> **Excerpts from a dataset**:

=== Section Start ===

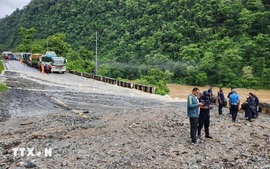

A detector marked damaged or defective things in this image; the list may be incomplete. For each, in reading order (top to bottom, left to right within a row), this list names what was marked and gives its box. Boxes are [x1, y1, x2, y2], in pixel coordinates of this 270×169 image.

heavy rainfall damage [0, 60, 270, 168]
damaged road surface [0, 60, 270, 168]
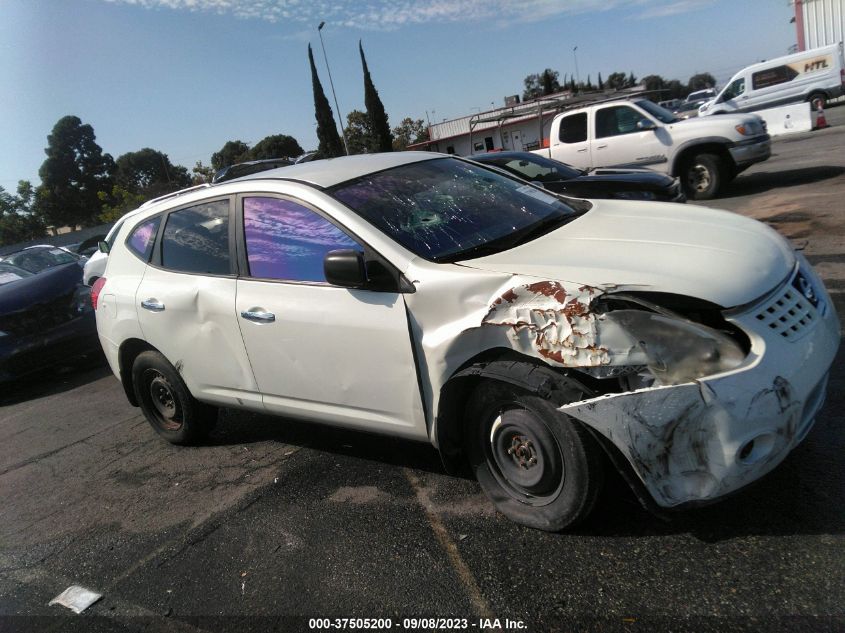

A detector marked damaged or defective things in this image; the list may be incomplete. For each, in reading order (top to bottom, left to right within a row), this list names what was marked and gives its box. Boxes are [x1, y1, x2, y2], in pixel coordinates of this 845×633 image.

crushed wheel well [117, 338, 157, 408]
damaged white suv [92, 153, 836, 528]
crumpled front bumper [560, 260, 836, 506]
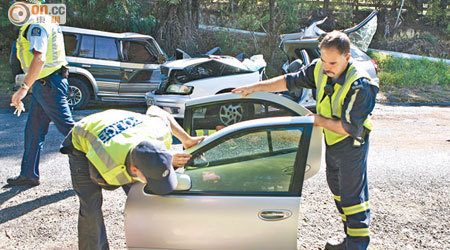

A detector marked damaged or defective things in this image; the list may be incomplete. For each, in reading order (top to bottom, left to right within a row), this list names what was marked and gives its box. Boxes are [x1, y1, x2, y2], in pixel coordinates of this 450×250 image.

=== Section End ===

> **WORK REQUEST**:
No pictures belong in the copy; output every record exactly.

> **ANSWER SPACE**:
A detector marked damaged or defective things in this image; the list may be incomplete. For each, in reading order (top to bottom, left to right within a row), this list names what was marked and gives its box. Boxes are [x1, y1, x2, y2], in pixel coordinates of this 270×169 image.

heavy rainfall damage [0, 60, 270, 168]
damaged road surface [0, 60, 270, 168]

A detector marked damaged or defective things in this image; the list may be incomplete. For each, in reading order (top to bottom, left to right within a row), this list names what was marked and gives its box. Boxes are [x1, y1, x2, y2], in pixel coordinates of this 845×633 image.

crushed wheel well [117, 338, 157, 408]
damaged white suv [92, 153, 836, 528]
crumpled front bumper [560, 260, 836, 506]

A detector marked damaged or defective things in this image; the list may be incomplete. For each, in reading order (top to bottom, left to right within a row), this list names what was marked and gives its box. Boxes are [x1, y1, x2, y2], in pixel coordinates of this 450×250 image.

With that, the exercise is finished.